Пять преступных кланов

С 1928 по 1931 год Сальваторе Маранзано и Джозеф Массерия, два наиболее могущественных мафиозных лидера Нью-Йорка, вели жестокую и беспощадную борьбу за власть, известную как «война Кастелламмарезе». Это название разборка преступных группировок получила по сицилийскому городку Кастелламмарезе-дель-Гольфо, родине Маранзано. Конец войне наступил с гибелью Массерии, после чего Маранзано провозгласил себя «capo di tutti capi» – «главарем всех главарей». Поднявшись на вершину власти, Маранзано потребовал, чтобы все преступные группировки не только в Нью-Йорке, но и по всей стране подчинялись единому управляющему органу, так называемой Комиссии. Эта Комиссия должна была состоять из представителей пяти кланов: Лучано, Маньяно, Боннано, Профачи и Луччезе, названных по фамилиям их главарей. Ниже перечисляются члены двух кланов и уличных банд, которые являются главными действующими лицами этой книги.


Клан Лучано

Чарльз Лучано по прозвищу Счастливчик (капо, депортированный в 1945 году)

Фрэнк Костелло (капо, сменивший Счастливчика Лучано)

Вито Дженовезе (ближайший сподвижник Костелло)

Джорджио Петроне по прозвищу Джи-джи (капорежиме)

Недотрога Грилло (ближайший сподвижник Петроне)

Поль Драго (капорежиме)

Карло Риччи (ближайший сподвижник Драго)

Чаки Лоу по прозвищу Законник (солдат)

Джозеф Дото по прозвищу Джо Адонис (капорежиме)


Клан Маньяно

Винченто Маньяно (капо)

Альберт Анастасия (ближайший сподвижник Маньяно)

Джино Веста (капорежиме)

Анджело Мазерелли (ближайший сподвижник Весты)

Матти Кавалло (солдат)

Дино Кавалло (солдат)

Бо Барбера (солдат)

Гэс Челло (солдат)

Карло Гамбино (капорежиме)

Уличные банды

«Гремучие змеи»

Ник Колуччи (главарь)

Сэл Руссомано

Аль Руссомано

Пит Станкович по прозвищу Вонючка

Малой Хейнкель

«Налетчики»

Винни Веста (главарь)

Доминик Дельфина по прозвищу Мальчонка

Луис Антонио по прозвищу Маленький Луи

Бенни Вил

Аттиллио Мазерелли по прозвищу Порошок

Ральф О’Мара по прозвищу Рыжий

Антонио Камилли по прозвищу Прыгун

Глава 1

Лето 1950 года

Когда я впервые увидел этого паренька, он сидел на пожарной лестнице, на площадке четвертого этажа.

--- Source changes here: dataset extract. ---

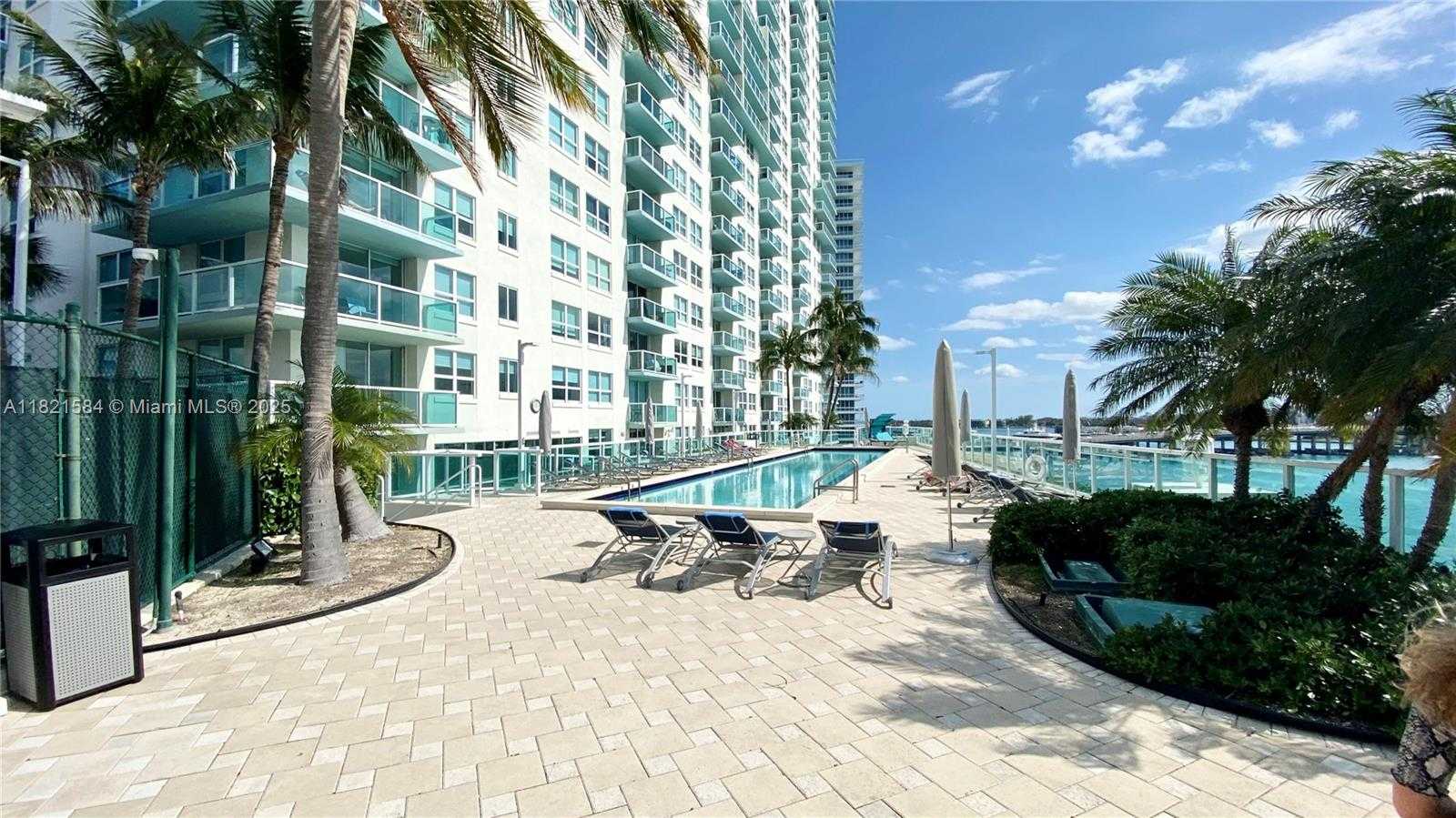 Small Image of 650 WEST AVE #2012, Miami Beach Number 28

Времени было уже около полуночи; паренек держал в руке фонарик и, щурясь за толстыми стеклами очков в тонкой стальной оправе, читал книгу. Я сам только что выполз на соседнюю площадку пожарной лестницы и устраивался на матрасе, который моя мать положила на железные прутья. Паренек был так поглощен книгой, что не увидел и даже не услышал меня.

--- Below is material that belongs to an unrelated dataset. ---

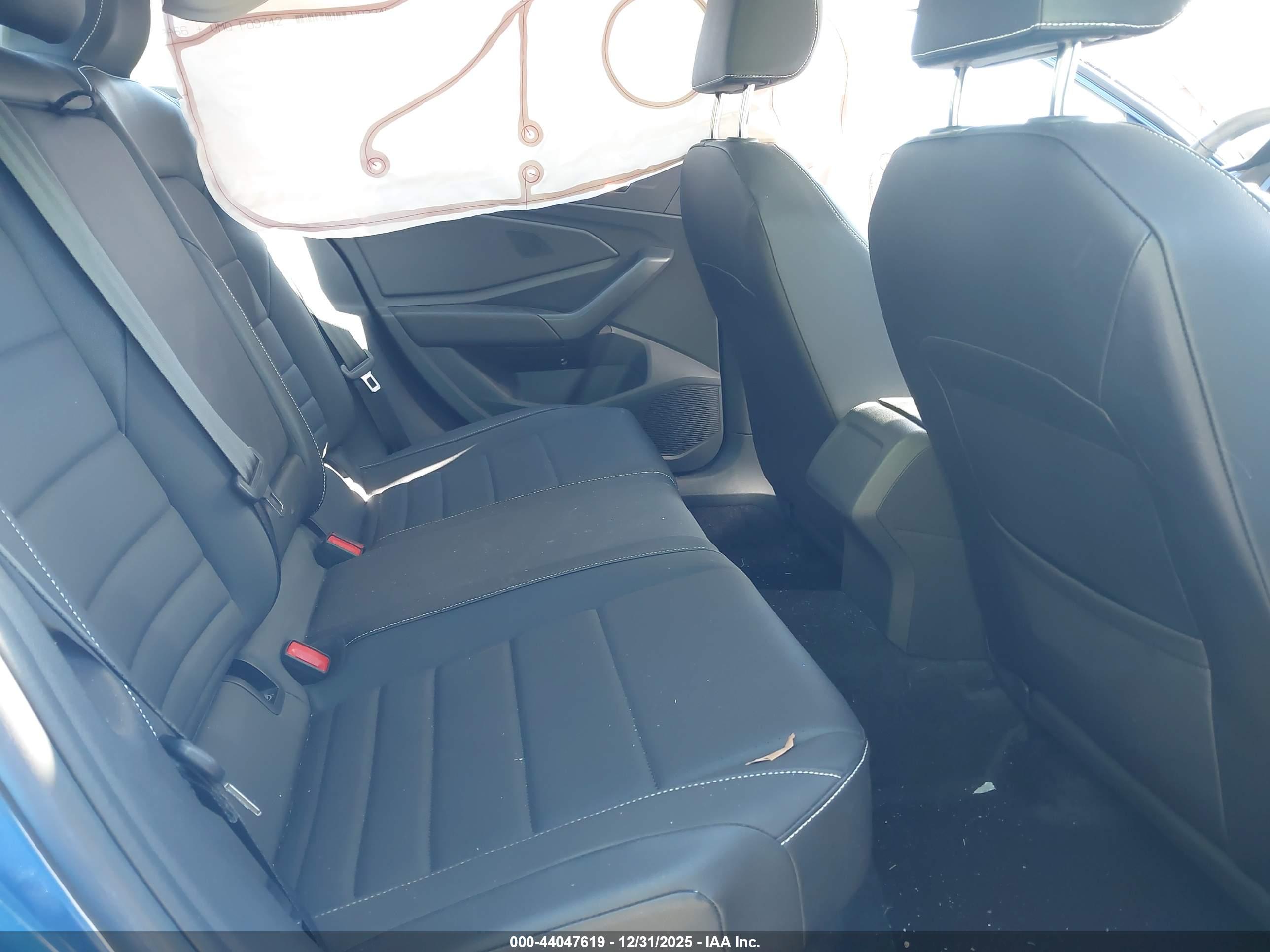 VOLKSWAGEN JETTA image 8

Наши площадки пожарных лестниц находились всего в трех футах друг от друга на фасаде жилого здания на углу Одиннадцатой авеню и Тридцать шестой улицы. Если доминирующей чертой «Адской кухни» являются жилые дома с дешевыми квартирами внаем, то доминирующей чертой этих домов являются пожарные лестницы. Доступ на них имеется из окон всех гостиных всех верхних этажей.

Та ночь выдалась особенно душной. Лето обрушилось на Нью-Йорк в конце мая и тотчас же превратило мощенные асфальтом улицы «Адской кухни» в дьявольскую сковородку. К полудню температура поднималась до девяноста с лишним градусов по Фаренгейту при соответствующей влажности, и не помогал даже Гудзон, протекающий за соседним кварталом. Битум на мостовых прекращал пузыриться только к шести вечера, но даже к полуночи ртутный столбик не опускался ниже восьмерки. Дома было еще хуже, и единственная надежда обрести хоть какое-нибудь облегчение заключалась в коротком путешествии из удушливого помещения на пожарную лестницу за окном. Только там можно было рассчитывать на относительную прохладу, на случайный освежающий ветерок.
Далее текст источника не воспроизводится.